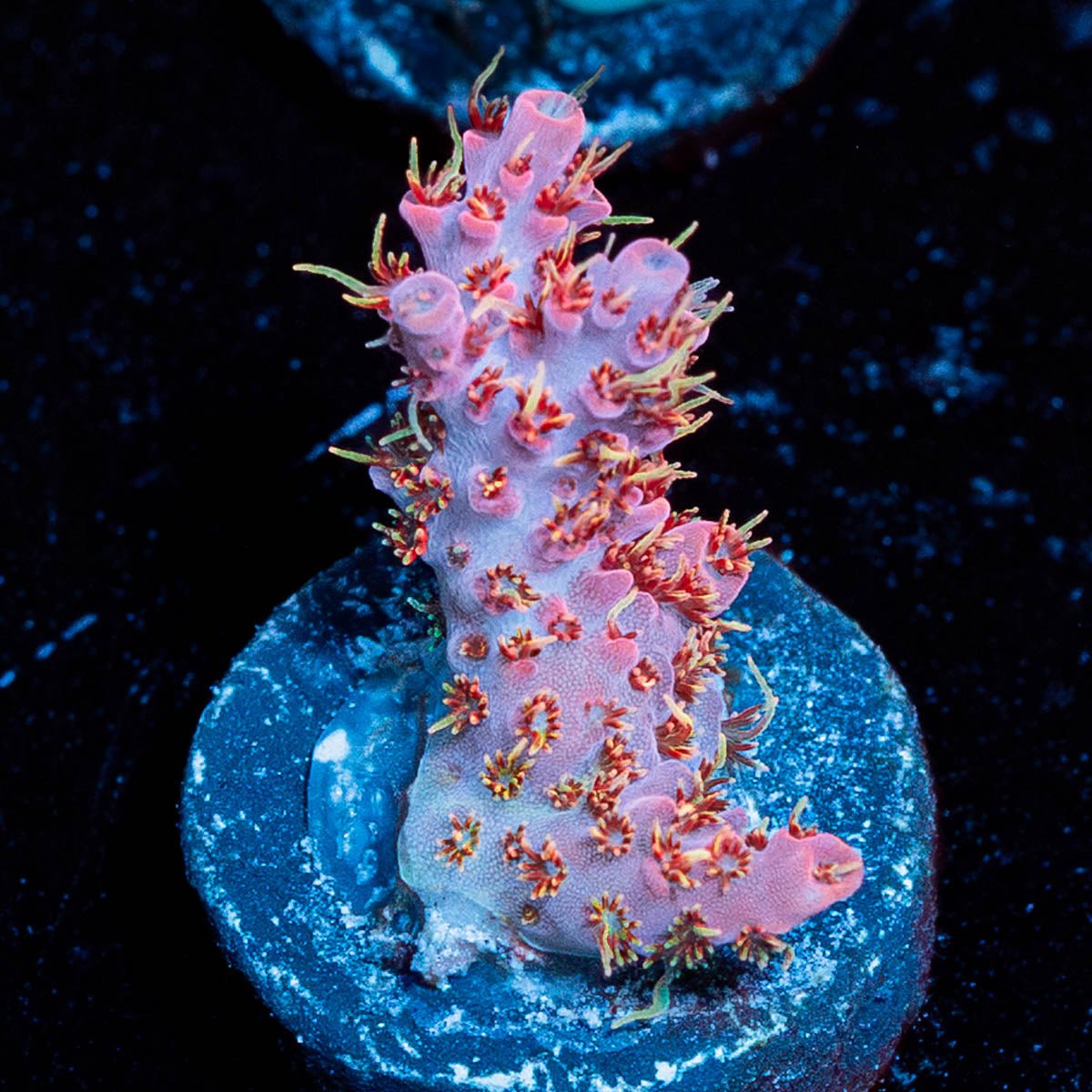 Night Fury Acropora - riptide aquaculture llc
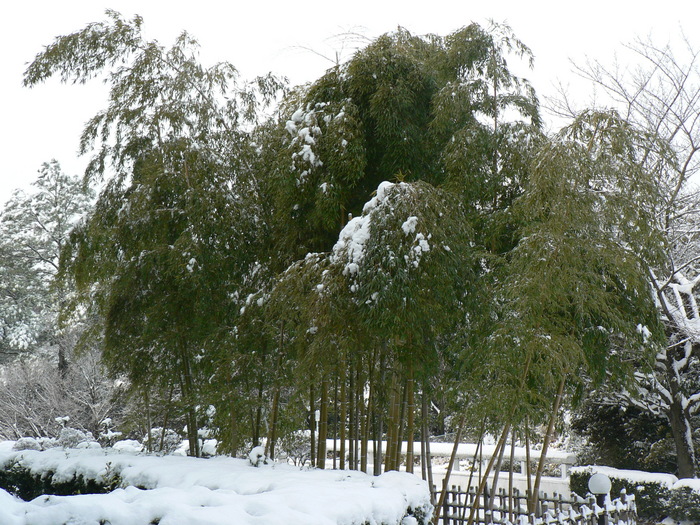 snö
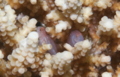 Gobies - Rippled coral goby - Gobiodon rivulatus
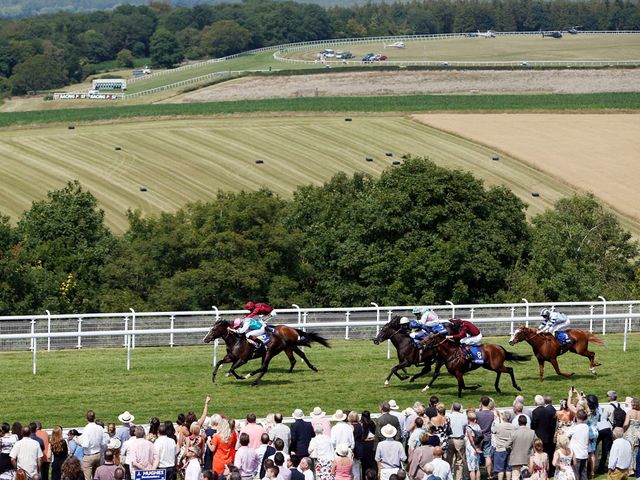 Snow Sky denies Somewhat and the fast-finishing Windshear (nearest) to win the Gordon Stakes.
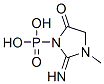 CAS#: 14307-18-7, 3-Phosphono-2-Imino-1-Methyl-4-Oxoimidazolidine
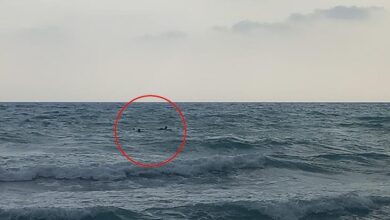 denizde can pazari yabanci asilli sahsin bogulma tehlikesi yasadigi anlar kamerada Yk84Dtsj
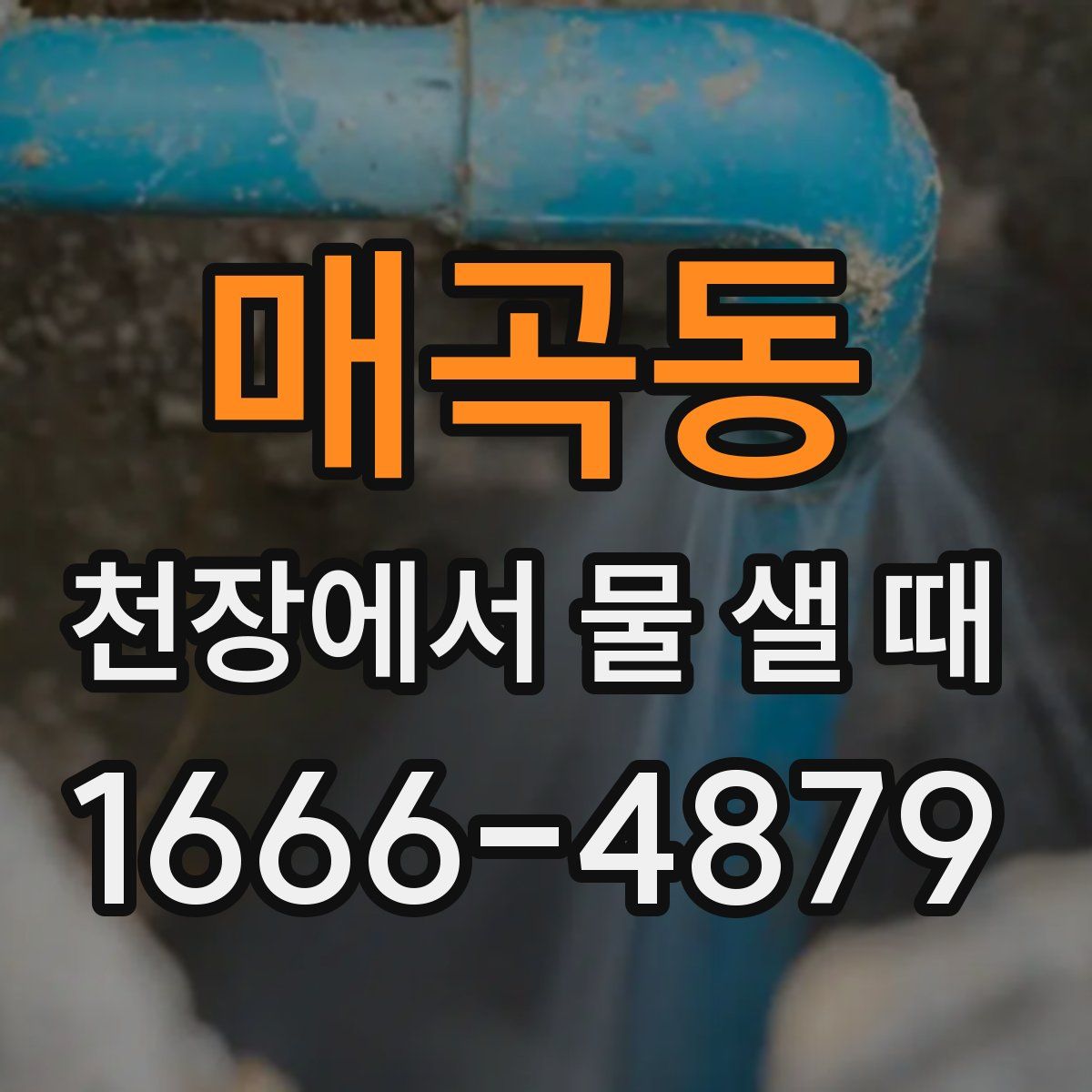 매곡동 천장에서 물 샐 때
┄┄┄┄┄┄
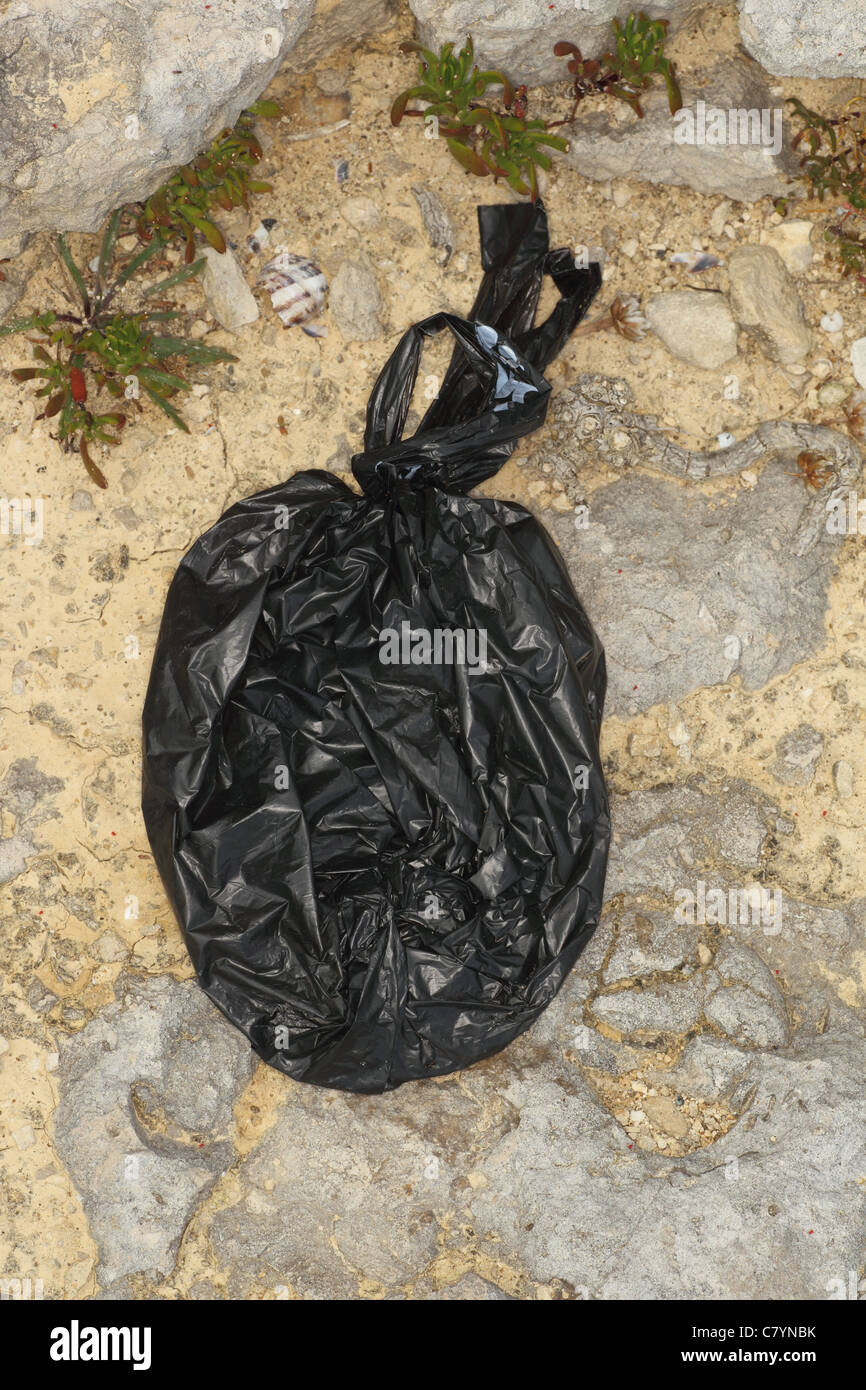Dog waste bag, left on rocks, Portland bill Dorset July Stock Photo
┄┄┄┄┄┄
> **WORK REQUIRED**: In the listing above, find the line containing "Night Fury Acropora" and the line containing "매곡동 천장에서 물 샐 때", then output those two lines and everything between them exactly as written, without the images.

> **TASK RESPONSE**:
 Night Fury Acropora - riptide aquaculture llc
 snö
 Gobies - Rippled coral goby - Gobiodon rivulatus
 Snow Sky denies Somewhat and the fast-finishing Windshear (nearest) to win the Gordon Stakes.
 CAS#: 14307-18-7, 3-Phosphono-2-Imino-1-Methyl-4-Oxoimidazolidine
 denizde can pazari yabanci asilli sahsin bogulma tehlikesi yasadigi anlar kamerada Yk84Dtsj
 매곡동 천장에서 물 샐 때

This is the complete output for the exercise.